UK businesses must “wake up” to the dangers poised by a new EU law on web privacy, the Information Commissioner’s Office (ICO) said today.
From May 25th an amendment to the EU’s Privacy and Electronic Communications Directive will require firms to obtain consent from visitors to their website before collecting and storing their personal data.
Cookies, small files that a website puts on a user’s computer so that it can remember something, are commonly used by retailers to save personal data such as payment details and property addresses but will be illegal to use unless agreed by consumers.
Christopher Graham, Information Commissioner, said: “While the roll out of this new law will be a challenge, it will have positive benefits as it will give people more choice and control over what information businesses and other organisations can store on and access from consumers’ own computers.
“The directive will come into force in less than two months time and businesses and organisations running websites in the UK must wake up to the fact that this is happening.”

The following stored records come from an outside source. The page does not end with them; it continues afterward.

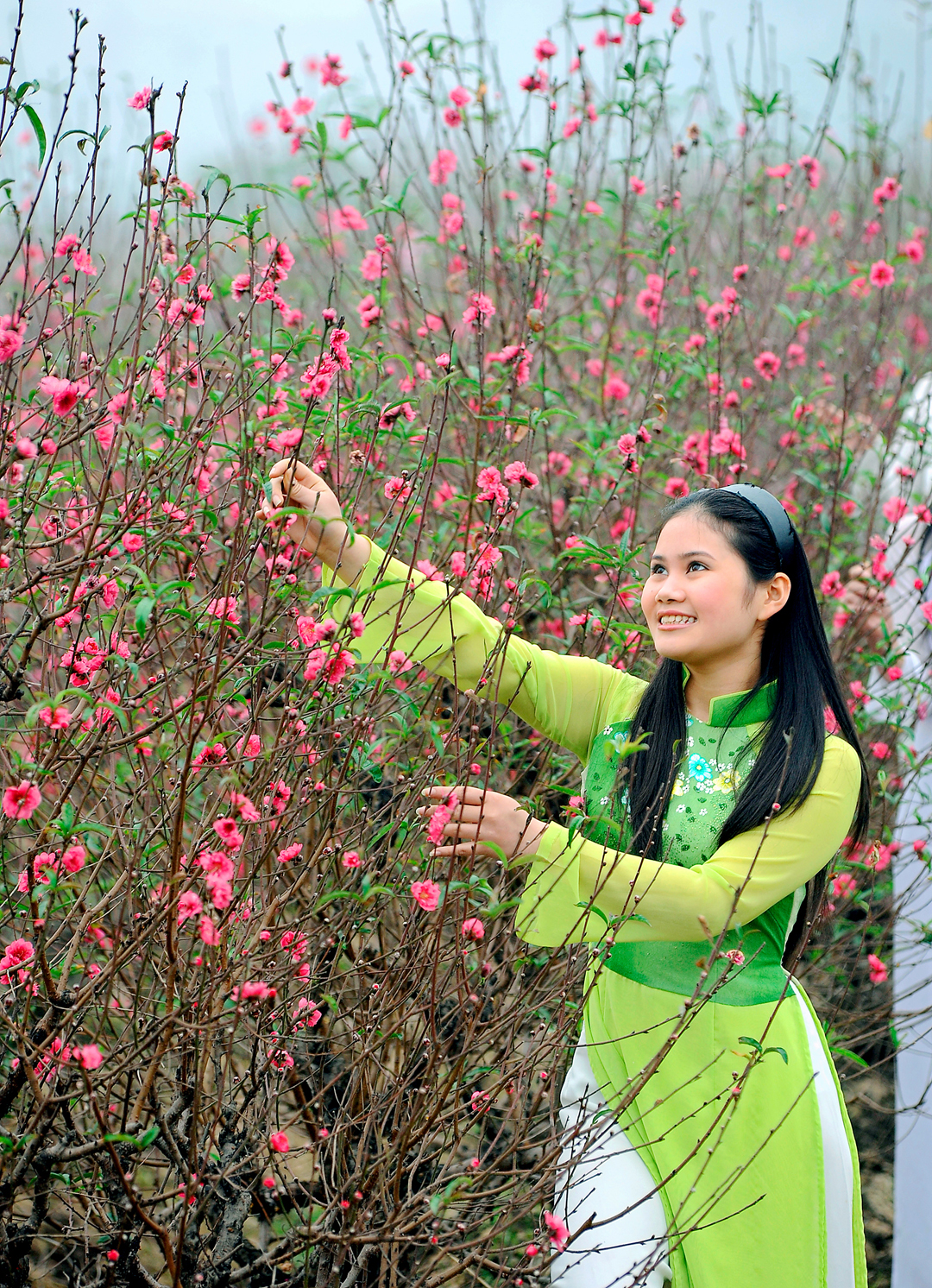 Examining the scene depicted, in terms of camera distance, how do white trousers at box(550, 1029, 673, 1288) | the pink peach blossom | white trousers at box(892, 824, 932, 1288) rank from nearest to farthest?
the pink peach blossom < white trousers at box(550, 1029, 673, 1288) < white trousers at box(892, 824, 932, 1288)

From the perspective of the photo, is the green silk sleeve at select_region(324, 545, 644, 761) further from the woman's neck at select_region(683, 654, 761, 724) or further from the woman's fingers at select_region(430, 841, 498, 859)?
the woman's fingers at select_region(430, 841, 498, 859)

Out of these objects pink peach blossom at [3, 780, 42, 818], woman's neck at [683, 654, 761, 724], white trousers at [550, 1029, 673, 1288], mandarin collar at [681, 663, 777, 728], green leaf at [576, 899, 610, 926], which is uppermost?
woman's neck at [683, 654, 761, 724]

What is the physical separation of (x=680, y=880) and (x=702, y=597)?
464 millimetres

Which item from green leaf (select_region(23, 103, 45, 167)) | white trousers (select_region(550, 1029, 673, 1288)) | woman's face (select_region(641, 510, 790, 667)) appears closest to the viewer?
green leaf (select_region(23, 103, 45, 167))

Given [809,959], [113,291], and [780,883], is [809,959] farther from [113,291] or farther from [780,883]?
[113,291]

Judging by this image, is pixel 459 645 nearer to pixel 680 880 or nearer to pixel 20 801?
pixel 680 880

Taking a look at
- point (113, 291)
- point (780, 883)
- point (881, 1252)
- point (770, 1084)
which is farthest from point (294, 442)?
point (113, 291)

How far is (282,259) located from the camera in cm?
203

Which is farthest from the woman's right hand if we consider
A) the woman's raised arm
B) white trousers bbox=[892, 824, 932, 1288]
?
white trousers bbox=[892, 824, 932, 1288]

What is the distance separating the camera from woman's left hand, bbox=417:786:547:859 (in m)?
1.69

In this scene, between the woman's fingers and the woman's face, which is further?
the woman's face

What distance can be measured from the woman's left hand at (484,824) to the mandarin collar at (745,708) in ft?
1.38

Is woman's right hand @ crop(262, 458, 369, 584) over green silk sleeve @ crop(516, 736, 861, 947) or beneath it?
over

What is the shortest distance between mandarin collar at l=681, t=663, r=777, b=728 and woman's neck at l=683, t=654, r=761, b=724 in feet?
0.05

Transactional websites and social media platforms have been a useful way for retailers to collect consumer details in order to improve their online offerings, and retail has only just begun to access the potential of working with sites like Facebook.

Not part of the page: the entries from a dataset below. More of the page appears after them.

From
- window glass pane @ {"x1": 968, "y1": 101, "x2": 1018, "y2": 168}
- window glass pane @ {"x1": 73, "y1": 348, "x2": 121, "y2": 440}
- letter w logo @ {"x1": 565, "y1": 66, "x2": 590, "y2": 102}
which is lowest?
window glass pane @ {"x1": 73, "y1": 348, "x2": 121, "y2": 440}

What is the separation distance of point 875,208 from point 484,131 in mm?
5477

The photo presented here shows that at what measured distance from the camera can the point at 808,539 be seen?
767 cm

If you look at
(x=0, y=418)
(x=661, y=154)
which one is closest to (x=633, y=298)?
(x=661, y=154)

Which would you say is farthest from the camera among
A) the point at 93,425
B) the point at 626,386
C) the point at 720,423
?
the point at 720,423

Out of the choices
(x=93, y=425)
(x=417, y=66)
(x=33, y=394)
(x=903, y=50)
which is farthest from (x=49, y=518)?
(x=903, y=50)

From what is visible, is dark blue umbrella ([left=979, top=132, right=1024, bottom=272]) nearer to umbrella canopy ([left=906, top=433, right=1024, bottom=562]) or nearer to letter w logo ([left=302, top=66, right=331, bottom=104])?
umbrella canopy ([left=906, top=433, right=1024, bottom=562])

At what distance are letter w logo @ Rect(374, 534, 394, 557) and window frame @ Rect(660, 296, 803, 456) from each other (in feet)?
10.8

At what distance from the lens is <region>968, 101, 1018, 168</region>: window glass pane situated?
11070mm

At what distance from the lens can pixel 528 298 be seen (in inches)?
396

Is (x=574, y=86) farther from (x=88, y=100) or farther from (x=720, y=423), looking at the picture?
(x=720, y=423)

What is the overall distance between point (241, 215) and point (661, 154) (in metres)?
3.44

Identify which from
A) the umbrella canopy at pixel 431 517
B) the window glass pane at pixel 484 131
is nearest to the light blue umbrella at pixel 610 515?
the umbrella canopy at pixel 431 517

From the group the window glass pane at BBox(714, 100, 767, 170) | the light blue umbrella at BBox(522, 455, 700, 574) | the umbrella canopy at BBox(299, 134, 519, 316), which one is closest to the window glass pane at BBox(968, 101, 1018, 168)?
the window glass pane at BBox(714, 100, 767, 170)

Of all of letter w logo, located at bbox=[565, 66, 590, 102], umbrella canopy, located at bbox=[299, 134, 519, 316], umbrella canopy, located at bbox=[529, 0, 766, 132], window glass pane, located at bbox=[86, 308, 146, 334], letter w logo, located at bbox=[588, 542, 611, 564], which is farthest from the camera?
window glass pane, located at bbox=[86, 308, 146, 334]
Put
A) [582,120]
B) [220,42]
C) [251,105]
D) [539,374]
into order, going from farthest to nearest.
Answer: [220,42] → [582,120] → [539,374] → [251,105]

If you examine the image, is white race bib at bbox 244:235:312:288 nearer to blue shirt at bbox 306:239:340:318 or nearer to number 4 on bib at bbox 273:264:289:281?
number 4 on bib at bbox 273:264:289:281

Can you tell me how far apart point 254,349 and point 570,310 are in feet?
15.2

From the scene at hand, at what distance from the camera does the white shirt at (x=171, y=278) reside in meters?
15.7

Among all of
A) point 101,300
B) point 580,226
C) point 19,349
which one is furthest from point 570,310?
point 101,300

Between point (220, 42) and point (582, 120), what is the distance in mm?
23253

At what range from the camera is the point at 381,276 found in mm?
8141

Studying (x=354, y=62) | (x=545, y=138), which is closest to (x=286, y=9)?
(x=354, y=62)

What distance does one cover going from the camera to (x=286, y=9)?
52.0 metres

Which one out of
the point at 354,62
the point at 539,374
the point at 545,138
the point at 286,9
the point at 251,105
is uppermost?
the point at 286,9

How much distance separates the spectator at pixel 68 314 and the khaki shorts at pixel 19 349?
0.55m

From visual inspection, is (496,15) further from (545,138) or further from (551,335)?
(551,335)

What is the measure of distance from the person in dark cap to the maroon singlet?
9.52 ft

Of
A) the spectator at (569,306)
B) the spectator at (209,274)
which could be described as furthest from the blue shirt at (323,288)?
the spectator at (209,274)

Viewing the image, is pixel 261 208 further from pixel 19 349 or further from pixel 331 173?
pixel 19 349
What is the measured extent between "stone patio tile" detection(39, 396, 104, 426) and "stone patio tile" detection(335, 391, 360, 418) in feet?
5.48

Ed Vaizey, Minister for Culture, Communications and the Creative Industries, commented: “We recognise that work will not be complete by the implementation deadline. The government is clear that it will take time for meaningful solutions to be developed, evaluated and rolled out.
This is not the only new piece of legislation which e-tailers need to adapt to, with the Advertising Standards Authority given new powers from this month to clamp down on misleading online marketing material.